Documents: bin Laden wanted to charter planes for 9/11 style attacks, target rail lines, blow up international oil tankers

The Bin Laden Papers: Examining the documents seized from the al Qaeda leader's compound

Newly translated documents seized in the raid that killed bin Laden reveal plans for al Qaeda associates to charter a plane rather than hijack one for a post-9/11 attack in the U.S.  If chartering was too difficult, bin Laden said U.S. railways should be targeted.

Author and Islamic scholar Nelly Lahoud told 60 Minutes correspondent Sharyn Alfonsi that bin Laden, who had a degree in civil engineering, explained exactly how to do it in a 2004 letter.

"He wanted to have 12 meters of steel rail removed so that, this way, the train could be derailed. And we find him explaining the simple toolkit that they could use," Lahoud said. "You know, he said, 'You could use a compressor. You could use a smelting iron tool.'"

Fortunately, he was never able to execute his plan.

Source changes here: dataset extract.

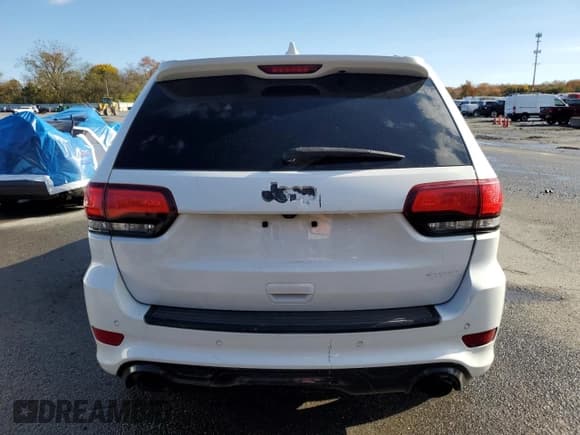 ✅ 2015 Jeep Grand Cherokee SRT • VIN: 1C4RJFDJ1FC653261 • Lot: 89729615. Wystawiony na Copart z przebiegiem 85 611 mil. Bezpłatny archiwum sprzedaży aukcyjnych z USA i szczegółowy raport historii pojazdu na DreamBid. Zdjęcie 6.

According to Lahoud, who analyzed thousands of pages of the documents, al Qaeda had been gutted by the war. After 9/11, bin Laden went on the run and didn't communicate with al Qaeda associates for three years during which time top leaders were killed or forced into hiding - rendering the terrorist organization rudderless.

She read a letter from Tawfiq, a young associate who was running operations for al Qaeda in Afghanistan and Pakistan. He told bin Laden just how incapacitated the terror organization had become.

"The weakness, failure, and aimlessness that befell us were harrowing," Tawfiq wrote. "We Muslims were defiled and desecrated. Our state was ripped asunder, our lands were occupied, our resources were plundered."

Lahoud said the letter shows bin Laden didn't realize the weakened state of al Qaeda.

"And [Tawfiq] actually warns him, that 'I'm gonna tell you the truth as it is. And I know that some of the brothers here are not telling you everything in detail because they don't want to upset you, particularly because of the delicate situations in which you find yourself with,'" Lahoud said.

That delicate situation was bin Laden's life in hiding.

Al Qaeda was also running low on cash. Documents showed that in 2006, al Aaeda had just $200,000 in its coffers and was unable to support or control an increasingly fractious jihad, Lahoud said.

Still, bin Laden kept plotting, Lahoud told Alfonsi. She showed 60 Minutes a letter that laid out his plan for another terror attack in 2010. This time, he wanted to target multiple crude oil tankers and major shipping routes around the Middle East and Africa.

"He says, 'It does not escape you, the importance of oil for industrialized economy today. And it is similar to blood for human beings. So, if you cause somebody to bleed excessively, even if you don't kill him you will at least weaken him.' And that's-- he really-- what he really wanted to do to the American economy," Lahoud said.

She said bin Laden detailed how al Qaeda operatives should integrate themselves into those port areas as fishermen. He instructed them exactly where to buy a specific kind of wooden boat to evade radar and then went into the granular details of his plan. 

"The boats need to carry a large volume of explosives, preferably placed in an arch position, facing the vessel," the letter read. 

But his final plan to attack seems to have been halted by something he never saw coming, the Arab Spring. According to a family notebook, a unique item seized in the raid, the peaceful protests were confusing and concerning to the bin Ladens.

"On one level they were very excited by the fact that the people were able to bring down dictators," Lahoud said. "But at the same time there were all these question marks about, 'What is the value of jihad at the moment?' And we find this really throughout this notebook. Is jihad still necessary?"'

Lahoud said bin Laden was struggling with the answer to that question before he was killed.